A smashing editorial in Nature catalogs the many ways in which scientists end up tricking themselves into seeing evidence that isn't there, resulting in publishing false positive. Many of these are familiar to people who follow behavioral economics (and readers of Predictably Irrational). But, significantly, the article advocates a series of evidence-supported techniques (some very simple, others a little more mostly/tricky) to counter them.
The problems with reproducibility in scientific results are now understood to be grave, and the scientific establishment is on the lookout for ways to improve the quality of results. Insisting on some or all of these methods as a condition of publication would significantly advance the field.
One debiasing procedure has a solid history in physics but is little known in other fields: blind data analysis (see page 187).

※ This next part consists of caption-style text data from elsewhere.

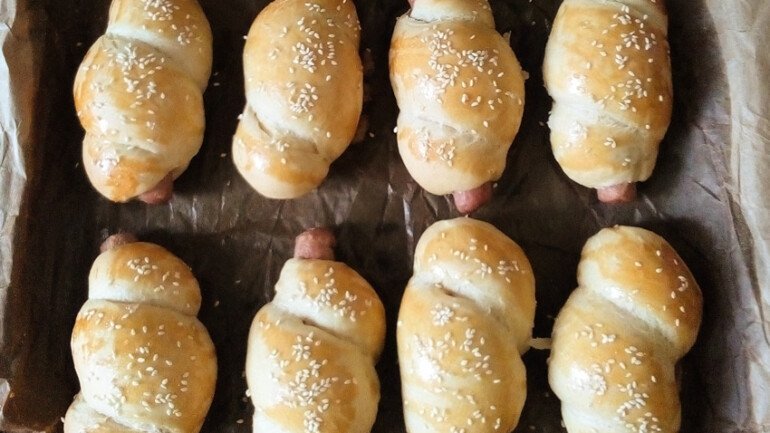 Sausage Bread Rolls – Pig In A Blanket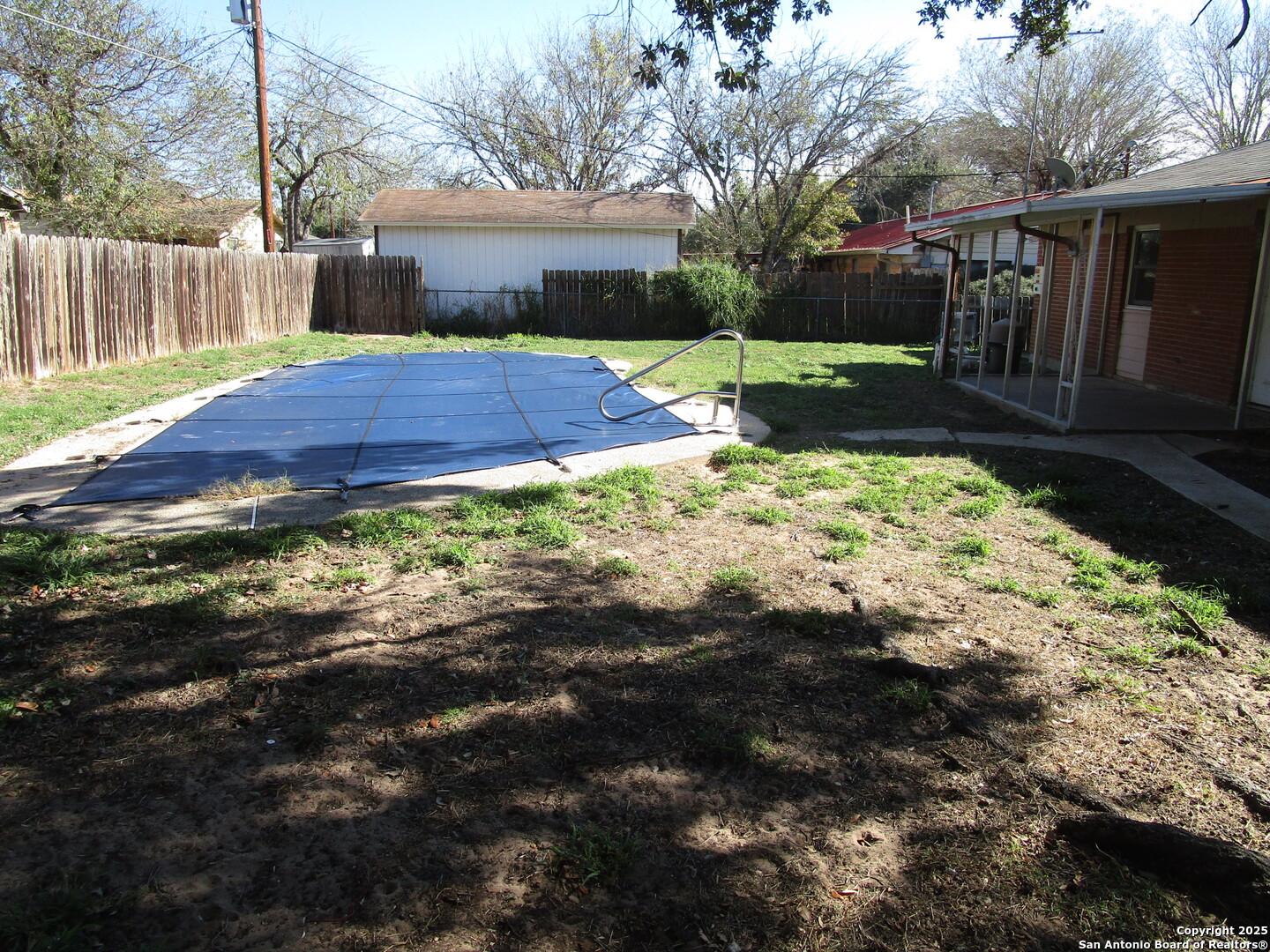 1212 West Goodwin Street Pleasanton, TX 78064 - Photo 4 of 15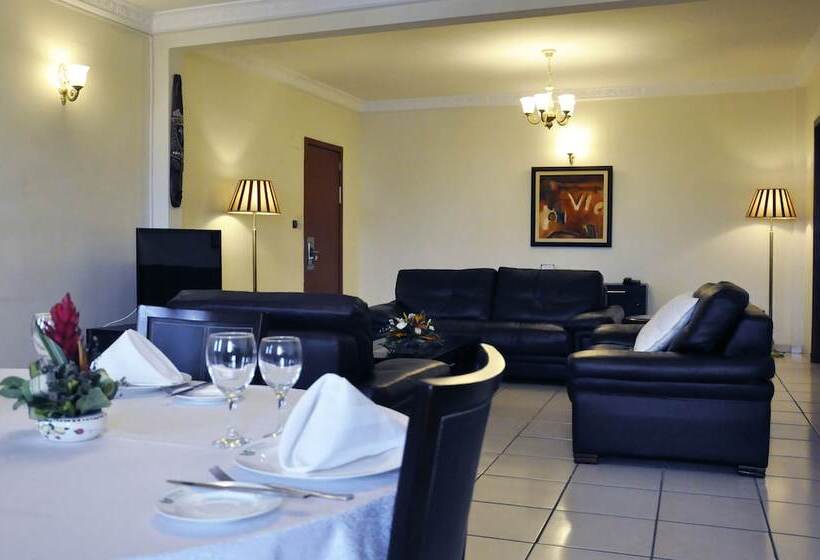 سوئیت سینیور, Prince De Galles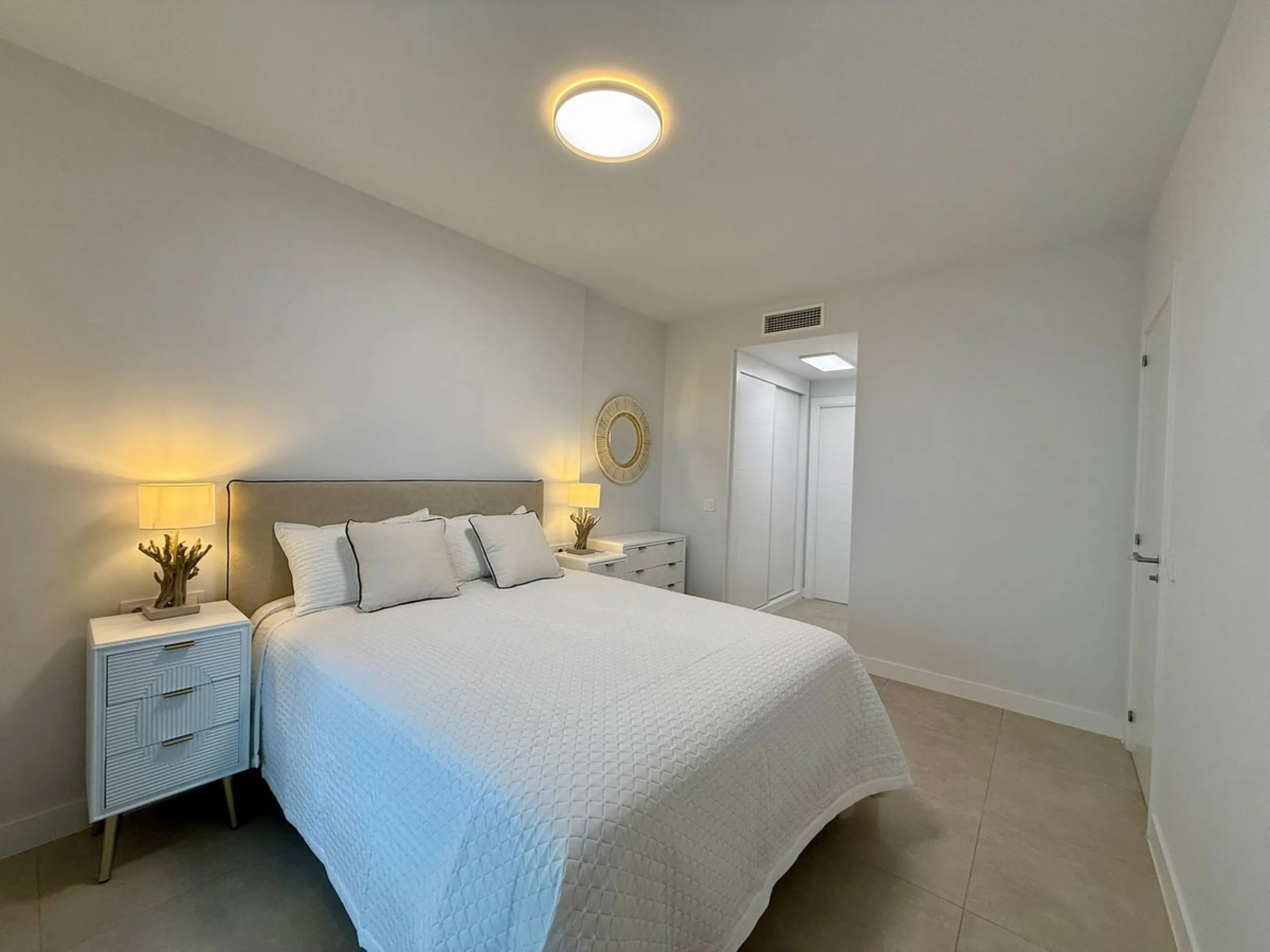 Apartment - Ground Floor Apartment в продаже в Estepona, Málaga. В доме 1 спален и 1 ванных комнат. Площадь дома 72 м². Площадь участка 27 м²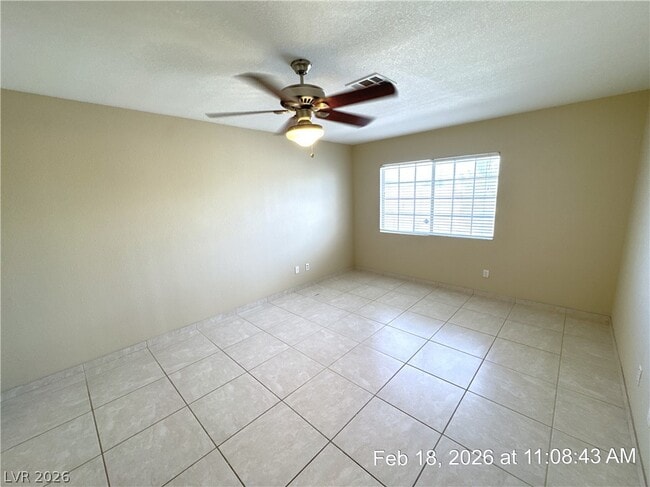 Building Photo - 501 Satin Saddle Pl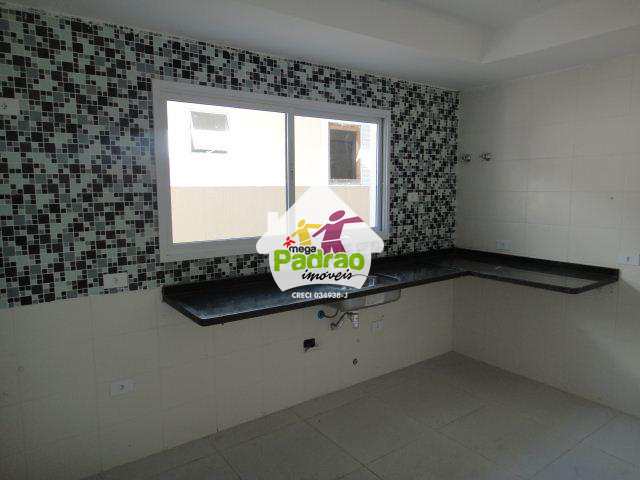 Sobrado em Guarulhos, no bairro Parque Renato Maia
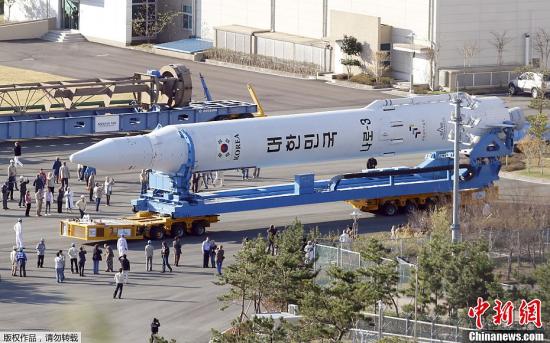 当地时间10月24日上午，工作人员将韩国首枚运载火箭“罗老”号用移送装置从发射体综合组装中心移至发射场地。（资料图）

The idea is that researchers who do not know how close they are to desired results will be less likely to find what they are unconsciously looking for13.
One way to do this is to write a program that creates alternative data sets by, for example, adding random noise or a hidden offset, moving participants to different experimental groups or hiding demographic categories. Researchers handle the fake data set as usual — cleaning the data, handling outliers, running analyses — while the computer faithfully applies all of their actions to the real data. They might even write up the results. But at no point do the researchers know whether their results are scientific treasures or detritus. Only at the end do they lift the blind and see their true results — after which, any further fiddling with the analysis would be obvious cheating.